One of the earliest joys in the publishing process was seeing my book included in R.O. Kwon’s list of 2019 books by women and non-binary individuals of color on Electric Literature. It was the first publicity hit for the novel, and it was also the first day of 2019. It reminded me of the generosity of other authors and writers, and how willing we are to support one another. Being a writer has brought a lot of wonderful people into my life that I would have otherwise never known. It has also really expanded my reading. I suddenly have galleys from other debut authors in genres I would not have considered otherwise. Authors put so much pressure on themselves, and when you’re reading the work of so many other self-doubting authors, finding something you love in each of their books, it humbles you a little. I think it helps in this process to take yourself and your own writing less seriously.

Sometimes we’re set up to be unnecessarily and detrimentally competitive rather than to work on the generosity toward other writers you speak of. But what good is being on a shelf by ourselves? So many of us begin as writers because we are thrilled by other writers and the way their stories have dug into our being. What formed you as a writer?

I think the earliest memory I have of really being in awe of books was as a ten-year-old reading Richard Wright’s memoir.

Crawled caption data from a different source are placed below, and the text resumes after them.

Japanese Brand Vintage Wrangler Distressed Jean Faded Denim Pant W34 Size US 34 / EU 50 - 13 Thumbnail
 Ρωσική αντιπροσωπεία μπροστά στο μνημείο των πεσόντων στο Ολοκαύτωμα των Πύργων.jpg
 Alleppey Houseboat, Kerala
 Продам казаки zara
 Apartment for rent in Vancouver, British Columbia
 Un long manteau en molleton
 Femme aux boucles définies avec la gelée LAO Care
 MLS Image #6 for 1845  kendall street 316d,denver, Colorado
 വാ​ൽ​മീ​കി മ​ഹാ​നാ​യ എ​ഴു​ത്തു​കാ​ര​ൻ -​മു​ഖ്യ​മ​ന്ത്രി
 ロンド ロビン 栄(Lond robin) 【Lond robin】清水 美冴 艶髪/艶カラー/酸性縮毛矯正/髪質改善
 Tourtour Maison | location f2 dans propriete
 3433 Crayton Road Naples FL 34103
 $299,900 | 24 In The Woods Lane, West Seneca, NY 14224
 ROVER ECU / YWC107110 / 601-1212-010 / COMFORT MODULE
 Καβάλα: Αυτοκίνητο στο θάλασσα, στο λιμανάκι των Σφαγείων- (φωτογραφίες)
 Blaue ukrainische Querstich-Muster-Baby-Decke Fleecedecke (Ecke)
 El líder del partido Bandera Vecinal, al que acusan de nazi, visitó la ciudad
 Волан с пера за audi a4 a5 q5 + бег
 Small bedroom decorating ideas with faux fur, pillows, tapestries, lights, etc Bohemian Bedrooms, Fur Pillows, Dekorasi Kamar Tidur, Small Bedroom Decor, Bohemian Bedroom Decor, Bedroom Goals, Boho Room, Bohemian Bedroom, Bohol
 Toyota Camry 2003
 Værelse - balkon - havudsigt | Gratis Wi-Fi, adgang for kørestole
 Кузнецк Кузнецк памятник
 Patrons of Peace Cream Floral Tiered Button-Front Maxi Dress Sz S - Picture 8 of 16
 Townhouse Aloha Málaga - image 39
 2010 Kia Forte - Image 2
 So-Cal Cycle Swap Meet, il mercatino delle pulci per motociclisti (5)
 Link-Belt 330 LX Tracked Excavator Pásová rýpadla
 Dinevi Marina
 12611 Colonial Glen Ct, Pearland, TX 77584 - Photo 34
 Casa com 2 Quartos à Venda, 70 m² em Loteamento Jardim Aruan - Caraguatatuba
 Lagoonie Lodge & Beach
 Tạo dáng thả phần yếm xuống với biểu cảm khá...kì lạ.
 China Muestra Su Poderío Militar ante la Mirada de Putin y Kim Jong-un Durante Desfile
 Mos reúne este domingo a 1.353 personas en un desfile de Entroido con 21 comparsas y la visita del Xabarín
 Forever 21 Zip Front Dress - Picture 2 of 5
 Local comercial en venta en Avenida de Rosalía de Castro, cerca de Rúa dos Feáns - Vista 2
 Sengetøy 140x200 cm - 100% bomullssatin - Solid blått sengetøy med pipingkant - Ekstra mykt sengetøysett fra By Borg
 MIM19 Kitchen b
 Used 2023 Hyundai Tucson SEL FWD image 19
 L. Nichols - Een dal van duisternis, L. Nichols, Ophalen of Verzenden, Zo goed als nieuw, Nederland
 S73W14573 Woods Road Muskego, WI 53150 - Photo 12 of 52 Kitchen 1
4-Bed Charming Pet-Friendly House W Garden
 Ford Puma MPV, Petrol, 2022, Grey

It was part of the curriculum for this program I was enrolled in called Prep for Prep and they made us read all sorts of books that are not generally thought to be at a fifth grader’s reading level: Lorraine Hansberry’s A Raisin in the Sun, Richard Wright’s Black Boy, Maya Angelou’s I Know Why the Caged Bird Sings, Sandra Cisneros’ The House on Mango Street. I was ten or eleven years old and I can hardly remember what I thought about on a day-to-day basis, but I remember reading those books. I am lucky to have been exposed to that sort of material so young and I’m realizing right now that my introduction to literature was almost exclusively writers of color. That’s pretty amazing. It also makes me sad because for most of my life, I’ve felt like I’m not very well read compared to my literary peers, all of whom seem to know more about Russian and German literature than I do. Overall, I’m not really the kind of reader who picks up a book based on who wrote it. I love Sandra Cisneros, but I also read Wuthering Heights in high school and wept. I think that remains the problem with how we market literature. We often think about books in terms of their audience, and that the identity of the writer matches the identity of the reader, but of course, that’s not always the case.

Speaking of education, it struck me that this book is about how the entry to all these “desirable” places doesn’t necessarily backfire for Maria, but it affords her an expansive education in the task of navigating class and race and privilege lines in her own future; she learns so much about what it all costs, and how that cost differs from that to her parents. Where is the space where you feel you’ve been most educated in your life?

I went to college in California, and it was the first time I met Mexican Americans who called themselves Chicano. I had no idea what that term referred to. I learned that it was steeped in the activist tradition of the ’60s, specifically the civil rights movement in Los Angeles. Meanwhile, the Latinos I knew in New York were calling themselves by words that emphasized their connection to Europeans, like when they referred to themselves as “Spanish.” I remember knowing how powerful the term Chicano was because it was borne of the struggle of Mexicans in America to be recognized and treated with dignity. I’m Costa Rican-Colombian-American. And to constantly try to explain yourself with a hyphen, with saying you’re a little bit of this and a little bit of that, is tiresome and disorienting. I loved the idea of not being a liminal person with a liminal identity. In California, I felt like I met people who knew the story of who they were. That capacity for self-knowledge was a model and inspiration for me.